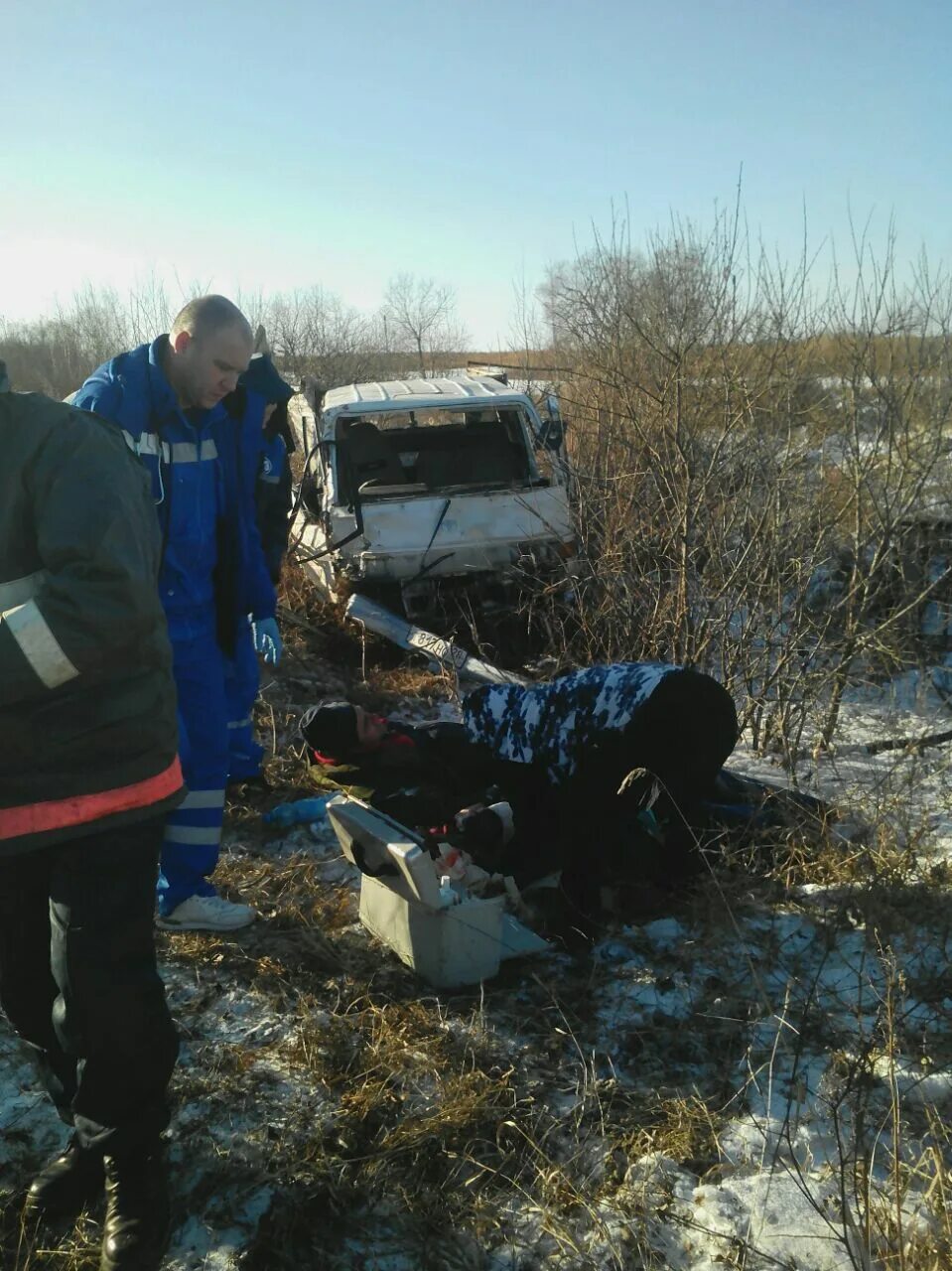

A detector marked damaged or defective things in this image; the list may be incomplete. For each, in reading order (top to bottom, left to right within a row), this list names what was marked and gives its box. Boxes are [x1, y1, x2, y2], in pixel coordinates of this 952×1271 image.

crashed white van [298, 375, 576, 636]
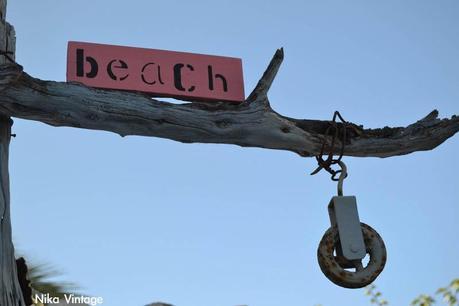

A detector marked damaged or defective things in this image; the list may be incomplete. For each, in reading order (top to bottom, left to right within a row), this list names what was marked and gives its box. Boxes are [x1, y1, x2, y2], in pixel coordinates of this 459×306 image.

rusty metal ring [316, 224, 388, 288]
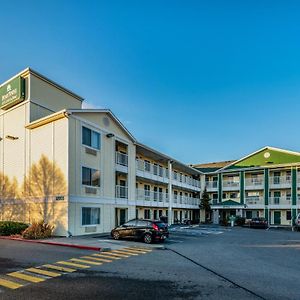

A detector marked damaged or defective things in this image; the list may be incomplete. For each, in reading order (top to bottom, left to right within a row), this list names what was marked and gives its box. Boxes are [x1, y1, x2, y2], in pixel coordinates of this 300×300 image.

pavement crack [166, 247, 268, 300]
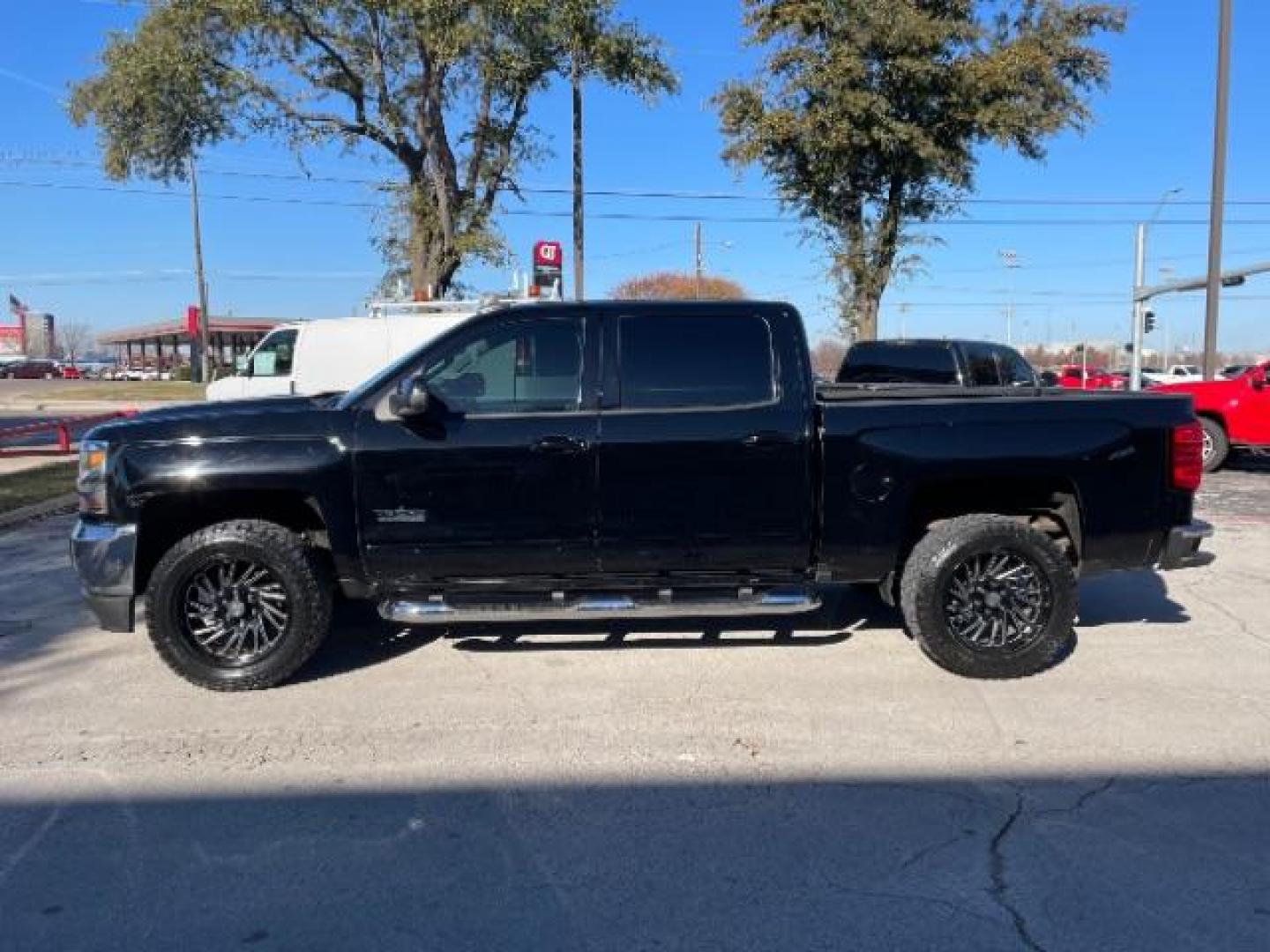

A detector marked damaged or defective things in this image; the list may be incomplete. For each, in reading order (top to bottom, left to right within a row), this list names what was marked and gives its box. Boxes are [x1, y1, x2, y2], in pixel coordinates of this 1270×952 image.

crack in pavement [985, 792, 1046, 952]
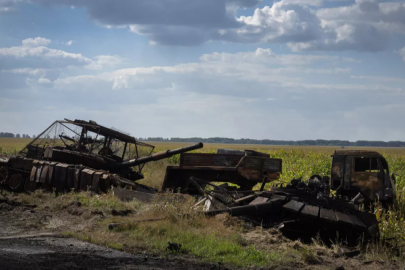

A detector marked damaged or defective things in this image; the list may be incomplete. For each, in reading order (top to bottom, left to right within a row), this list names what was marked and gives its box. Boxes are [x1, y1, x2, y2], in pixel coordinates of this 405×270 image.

burned truck [0, 118, 202, 194]
destroyed military vehicle [0, 118, 202, 194]
wrecked artillery piece [0, 118, 202, 196]
burned truck [162, 149, 394, 244]
wrecked artillery piece [163, 149, 394, 244]
destroyed military vehicle [163, 149, 394, 244]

**Problem to solve:** Your answer must be exactly the lines from the one containing "this 300×300 image." through the last line of the records above, both included, with every picture left out.

**Exercise result:**
A detector marked damaged or defective things in this image; the list may be incomplete. For each, in reading order (top to bottom, left to right within a row), this list names what was marked and gives its box. Boxes are [x1, y1, x2, y2], in pixel coordinates of this 300×300 image.

pavement crack [166, 247, 268, 300]

A detector marked damaged or defective things in this image; the list may be incomplete. For each, in reading order (top to bottom, left to right within a row), this list names what was marked and gives its box. Boxes are [x1, y1, x2, y2], in pixel coordinates of this 1270×952 image.

crack in pavement [985, 792, 1046, 952]

A detector marked damaged or defective things in this image; the list may be incomplete. For each, in reading order (top to bottom, left to right within a row), this list names what was marked and gives its box. Boxes are [x1, y1, x2, y2], in pixel coordinates of this 405×270 image.

burned truck [0, 118, 202, 194]
destroyed military vehicle [0, 118, 202, 194]
wrecked artillery piece [0, 118, 202, 196]
burned truck [162, 149, 394, 244]
wrecked artillery piece [163, 149, 394, 244]
destroyed military vehicle [163, 149, 394, 244]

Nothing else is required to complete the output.